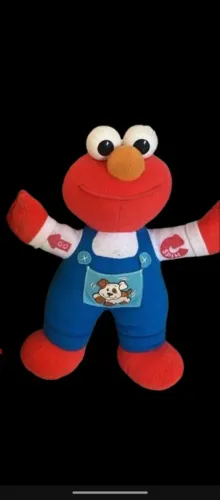 Pelúcia Elmo eletrônico, fala diversas frases, 27 centímetros, importado LINDO 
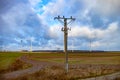 Winter field. On the horizon are visible wind power generators Royalty Free Stock Photo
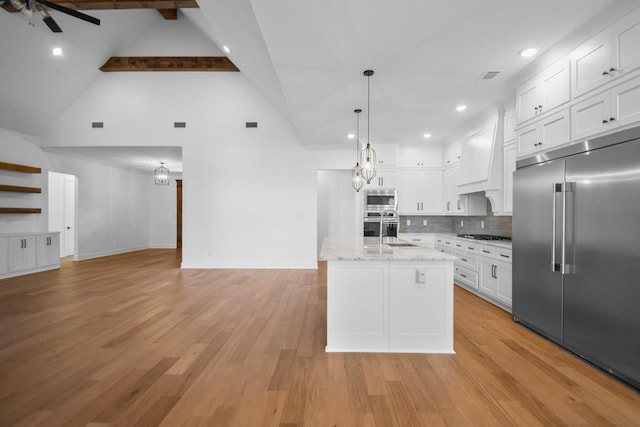 kitchen with built in appliances, light stone countertops, an island with sink, white cabinets, and decorative light fixtures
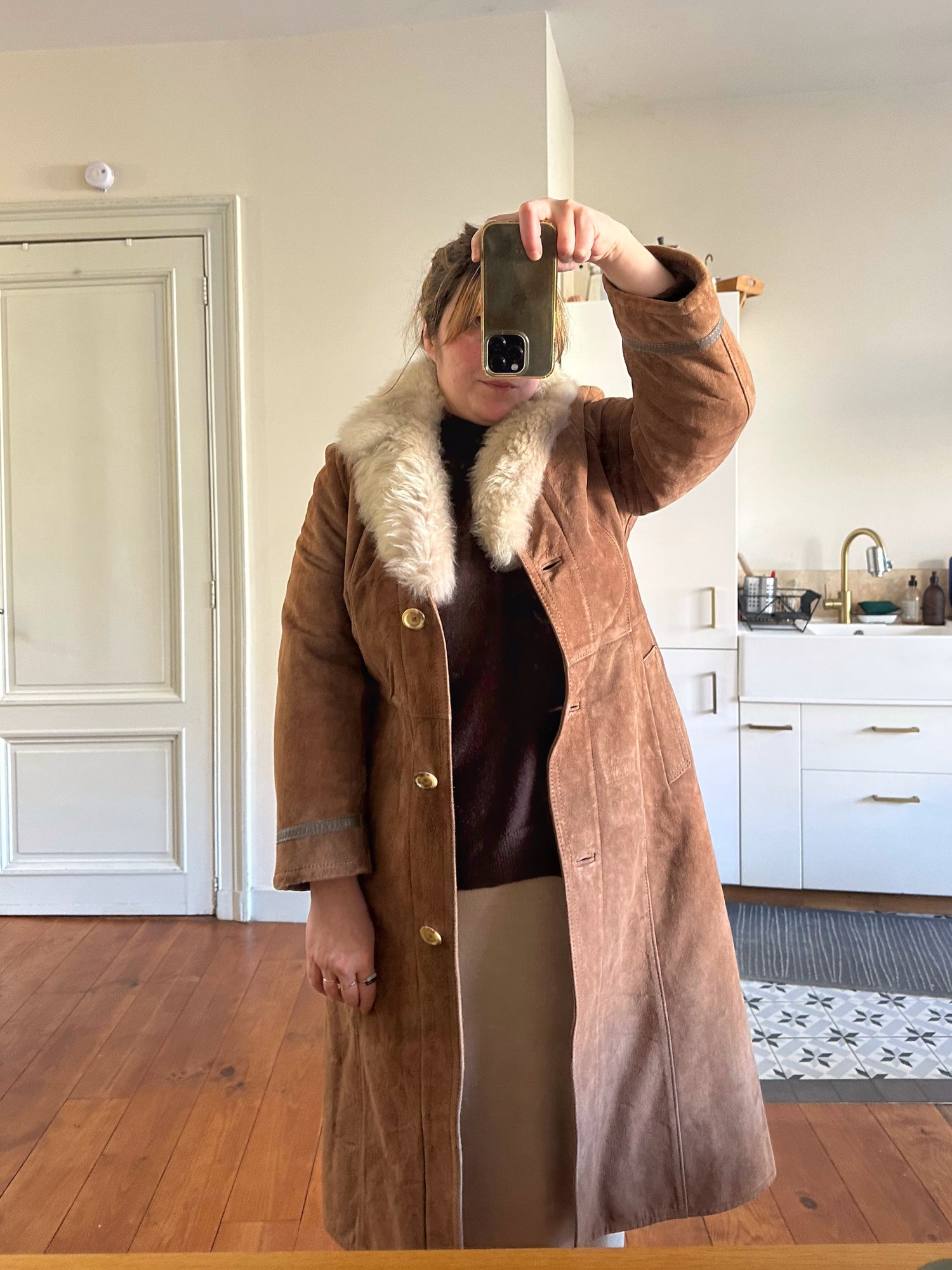 Manteau en peau lainée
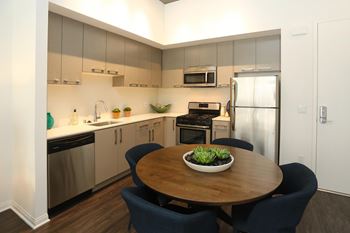Modern kitchens fully equipped with stainless steel appliances, including refrigerator, stove, dishwasher, microwave, and garbage disposal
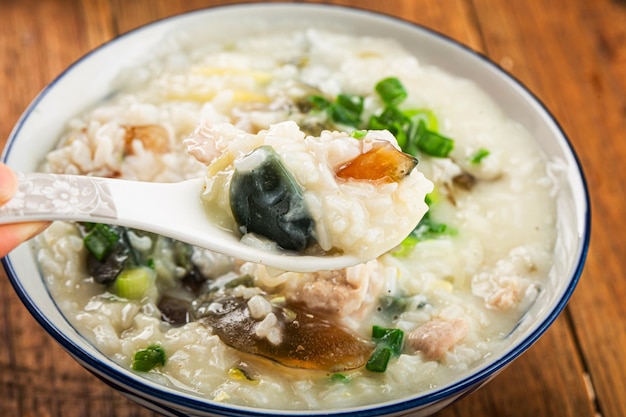 Rice preserved egg lean meat porridgechinese rice porridge chinese traditional healthy breakfast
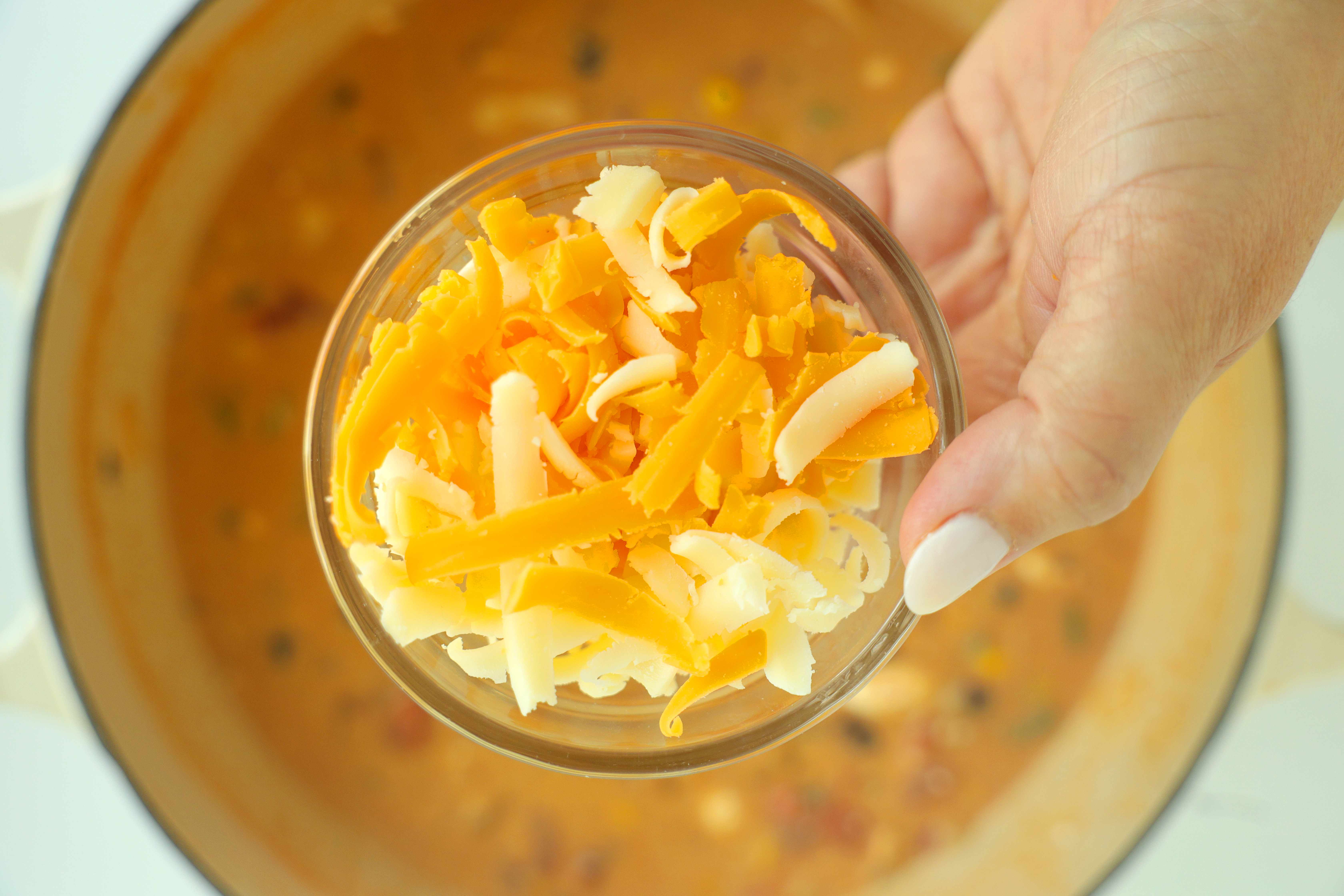 Overhead shot of grated Monterrey Jack and cheddar cheeses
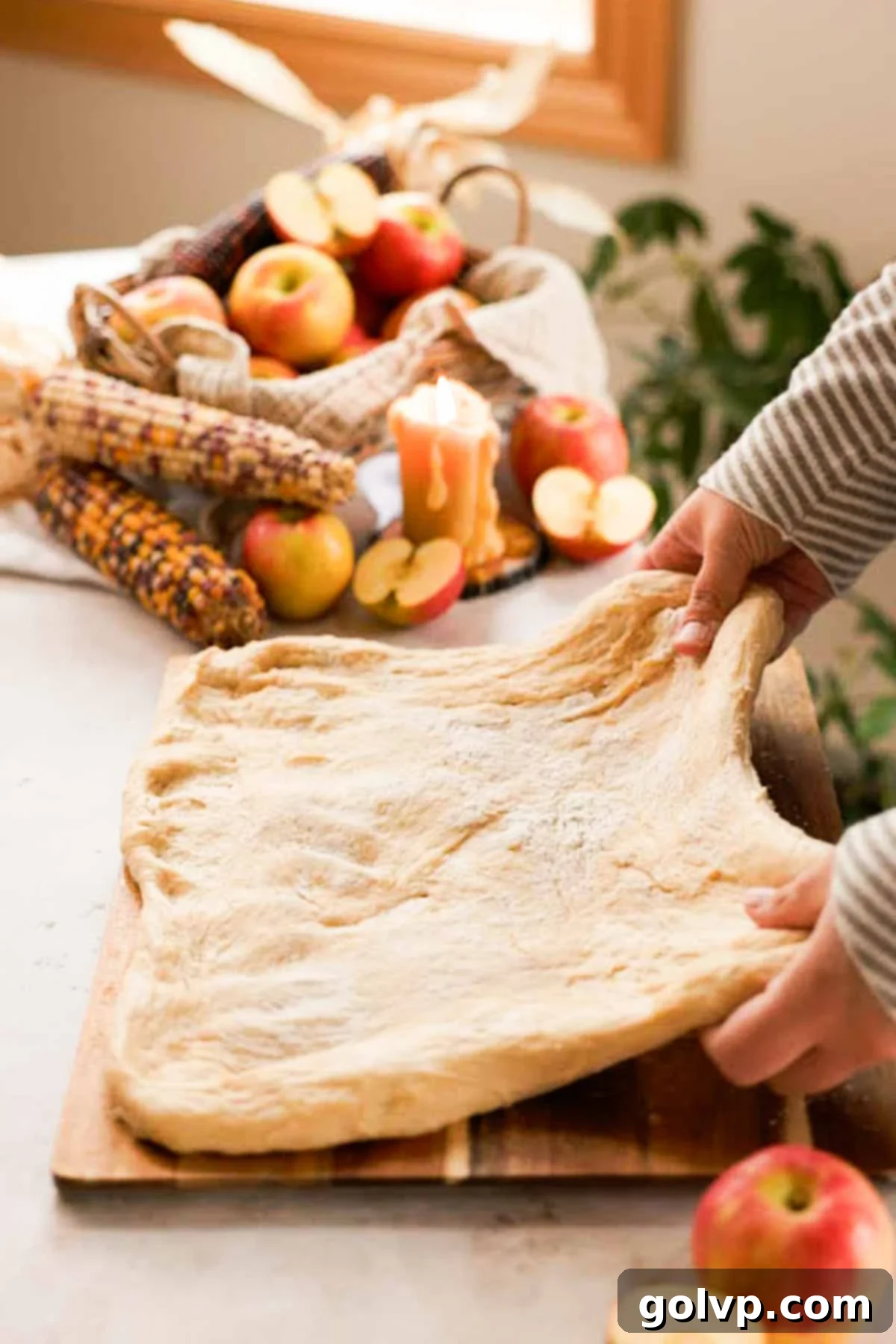 stretching donut dough into a rectangle on a cutting board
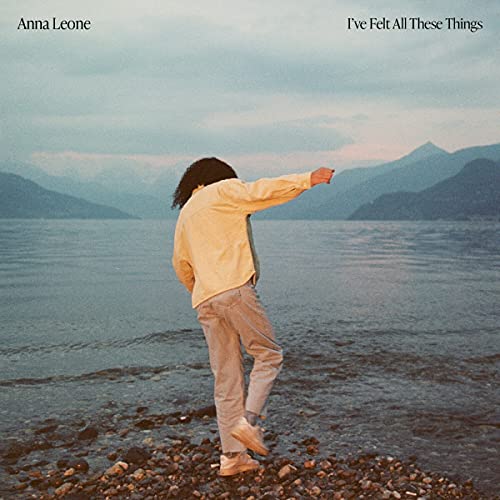 CD cover: Woman with outstretched arm facing a misty lake and mountains.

▶ _Aim of the exercise_: To answer, repeat exactly the lines from the line containing "Overhead shot of" through the last line of the data above, leaving out all pictures.

▶ _Answer to this problem_:
 Overhead shot of grated Monterrey Jack and cheddar cheeses
 stretching donut dough into a rectangle on a cutting board
 CD cover: Woman with outstretched arm facing a misty lake and mountains.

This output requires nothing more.